There were many people who disparaged such ultra-lights. They considered that nothing less than 60 h.p., as possessed by the original Cirrus-DH Moth that pre-dated the Drone by nine years, was any use to a serious aviator; apart from which, the Moth was easier to store, its biplane wings, apart from the fact that they could be folded-back, having a span nearly ten feet less than that of the Drone’s wing. C. G. Grey, the outspoken Editor of The Aeroplane, frequently expressed his dislike of little aeroplanes whose engines had only two cylinders. He used to call them “pop-bottles”, when scathingly referring to them…
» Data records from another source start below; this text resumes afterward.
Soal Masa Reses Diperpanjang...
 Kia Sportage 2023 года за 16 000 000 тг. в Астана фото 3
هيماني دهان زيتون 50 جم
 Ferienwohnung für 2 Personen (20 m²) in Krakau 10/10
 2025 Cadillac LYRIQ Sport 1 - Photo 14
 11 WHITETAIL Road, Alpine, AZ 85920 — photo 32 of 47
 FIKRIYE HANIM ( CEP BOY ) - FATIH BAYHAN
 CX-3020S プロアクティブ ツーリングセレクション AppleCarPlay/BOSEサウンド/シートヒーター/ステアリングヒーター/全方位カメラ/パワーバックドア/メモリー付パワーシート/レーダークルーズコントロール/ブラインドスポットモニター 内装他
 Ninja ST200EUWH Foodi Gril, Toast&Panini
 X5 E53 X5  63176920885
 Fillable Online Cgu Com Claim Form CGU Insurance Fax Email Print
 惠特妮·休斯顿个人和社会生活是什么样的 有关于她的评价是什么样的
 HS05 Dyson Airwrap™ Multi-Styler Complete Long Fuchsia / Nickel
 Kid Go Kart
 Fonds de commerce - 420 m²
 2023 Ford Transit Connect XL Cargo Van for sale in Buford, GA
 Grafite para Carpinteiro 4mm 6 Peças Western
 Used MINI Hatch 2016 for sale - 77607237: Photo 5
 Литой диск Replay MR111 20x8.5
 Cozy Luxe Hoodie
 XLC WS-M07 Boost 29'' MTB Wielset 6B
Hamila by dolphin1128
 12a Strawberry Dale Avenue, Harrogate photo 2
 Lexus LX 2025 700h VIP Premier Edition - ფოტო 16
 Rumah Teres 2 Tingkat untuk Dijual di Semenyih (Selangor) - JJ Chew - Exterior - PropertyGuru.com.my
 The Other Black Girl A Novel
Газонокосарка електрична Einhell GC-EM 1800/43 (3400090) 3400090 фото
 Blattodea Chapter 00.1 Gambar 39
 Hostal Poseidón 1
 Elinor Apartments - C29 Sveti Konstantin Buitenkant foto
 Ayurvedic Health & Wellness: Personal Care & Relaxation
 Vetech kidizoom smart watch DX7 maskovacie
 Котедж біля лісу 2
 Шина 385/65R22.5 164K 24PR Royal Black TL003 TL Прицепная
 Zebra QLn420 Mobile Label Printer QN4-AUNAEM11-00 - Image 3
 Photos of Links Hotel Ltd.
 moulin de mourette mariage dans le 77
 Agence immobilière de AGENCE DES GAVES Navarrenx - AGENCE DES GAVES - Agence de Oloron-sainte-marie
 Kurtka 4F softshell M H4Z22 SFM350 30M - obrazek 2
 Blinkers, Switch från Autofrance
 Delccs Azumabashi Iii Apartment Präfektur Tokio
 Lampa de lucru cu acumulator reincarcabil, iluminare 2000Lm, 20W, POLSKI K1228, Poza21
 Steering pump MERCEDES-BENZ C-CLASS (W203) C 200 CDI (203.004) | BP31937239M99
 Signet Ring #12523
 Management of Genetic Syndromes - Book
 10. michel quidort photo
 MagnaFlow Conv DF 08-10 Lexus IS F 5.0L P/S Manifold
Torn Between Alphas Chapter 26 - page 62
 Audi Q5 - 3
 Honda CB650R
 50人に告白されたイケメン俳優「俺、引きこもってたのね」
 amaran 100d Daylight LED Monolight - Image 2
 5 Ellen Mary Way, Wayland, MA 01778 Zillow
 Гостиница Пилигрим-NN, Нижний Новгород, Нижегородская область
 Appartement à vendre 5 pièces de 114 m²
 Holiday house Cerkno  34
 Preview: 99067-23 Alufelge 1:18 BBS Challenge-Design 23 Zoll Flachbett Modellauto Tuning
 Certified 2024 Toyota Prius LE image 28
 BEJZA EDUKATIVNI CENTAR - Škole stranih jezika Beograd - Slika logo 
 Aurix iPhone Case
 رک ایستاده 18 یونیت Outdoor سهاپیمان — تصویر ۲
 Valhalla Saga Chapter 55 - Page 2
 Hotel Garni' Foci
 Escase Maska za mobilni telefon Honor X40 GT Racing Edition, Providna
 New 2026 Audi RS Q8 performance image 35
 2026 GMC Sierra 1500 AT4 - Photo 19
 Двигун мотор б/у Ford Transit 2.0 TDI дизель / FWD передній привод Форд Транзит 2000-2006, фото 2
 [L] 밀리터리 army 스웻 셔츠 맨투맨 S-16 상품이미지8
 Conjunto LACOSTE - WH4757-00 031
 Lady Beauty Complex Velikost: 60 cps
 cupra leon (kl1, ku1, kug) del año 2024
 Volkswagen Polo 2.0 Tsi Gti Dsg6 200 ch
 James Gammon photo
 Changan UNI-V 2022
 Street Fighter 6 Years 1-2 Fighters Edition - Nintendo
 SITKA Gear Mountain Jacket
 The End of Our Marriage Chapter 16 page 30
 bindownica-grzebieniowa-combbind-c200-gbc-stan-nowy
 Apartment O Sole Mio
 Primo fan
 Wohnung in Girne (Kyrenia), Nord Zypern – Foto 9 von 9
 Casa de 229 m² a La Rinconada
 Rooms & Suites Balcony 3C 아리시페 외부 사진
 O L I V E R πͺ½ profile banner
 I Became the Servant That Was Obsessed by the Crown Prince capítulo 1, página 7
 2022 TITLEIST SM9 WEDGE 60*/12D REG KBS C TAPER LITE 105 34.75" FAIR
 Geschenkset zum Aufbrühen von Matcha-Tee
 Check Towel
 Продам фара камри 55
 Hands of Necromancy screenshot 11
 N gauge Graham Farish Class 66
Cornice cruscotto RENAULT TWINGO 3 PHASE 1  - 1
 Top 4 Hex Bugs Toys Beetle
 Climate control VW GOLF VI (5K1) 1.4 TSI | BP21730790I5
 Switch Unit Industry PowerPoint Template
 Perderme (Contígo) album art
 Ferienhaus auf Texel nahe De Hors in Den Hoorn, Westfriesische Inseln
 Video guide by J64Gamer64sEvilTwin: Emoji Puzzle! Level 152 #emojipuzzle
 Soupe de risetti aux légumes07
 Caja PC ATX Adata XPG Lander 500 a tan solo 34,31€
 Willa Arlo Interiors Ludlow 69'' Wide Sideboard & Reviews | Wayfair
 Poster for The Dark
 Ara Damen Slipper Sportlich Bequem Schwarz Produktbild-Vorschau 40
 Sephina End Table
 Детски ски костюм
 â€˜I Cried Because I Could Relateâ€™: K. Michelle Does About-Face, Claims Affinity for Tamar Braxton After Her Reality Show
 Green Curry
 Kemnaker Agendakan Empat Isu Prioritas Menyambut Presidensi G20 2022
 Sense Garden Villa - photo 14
Be that as it may, Drones could be hired for 19/- (95p) an hour from the Leicester and Ely Flying Clubs (I expect the one I saw 47 years ago was from the latter) and after instruction costing less than a “fiver” a pilot’s restriced A-licence was issued. Moreover, in 1936 Col. The Master of Semphill (later Lord Semphill) flew a Super Drone from Croydon to Berlin, setting an International distance-record for single-seater aeroplanes of under 200 kg. empty weight. Although this long stint may not have compared with E. O. Llewellyn’s 23-day flight from England to Johannesburg in an Aeronca, H. L. Brook’s England to the Cape in a Praga Baby, or the great and couragous one from England to Australia in nine days by C. A. Butler in 1931 in a Cowper Swift, the outward flip to Germany, against a headwind, took Semphill 11 hours, so those have done long spells in vintage cars should have some respect for the Master’s endurance. Coming back, with a gale behind him, the Super Drone took only nine hours. The petrol consumed cost a mere 25/- (£1.25) for the trip to Berlin, and afterwards G-ADUA was duly exhibited at Selfridge’s. At least 28 Drones were built and Scott’s Flying Circus used one.
The Drone was by no means the only “cyclecar of the air” that took to the skies before the war. The theme persists, for one of my daughters had a flight from Booker aerodrome not all that long ago in a Falke motor-glider with Volkswagen auxiliary-power, and I have seen Mavrogordato, son of the 1914 GP Opel owner, racing one at Shobden. If I could do so, and had to, I think I would rather fly a Drone or a Falke then a modem Micro-light. — W.B.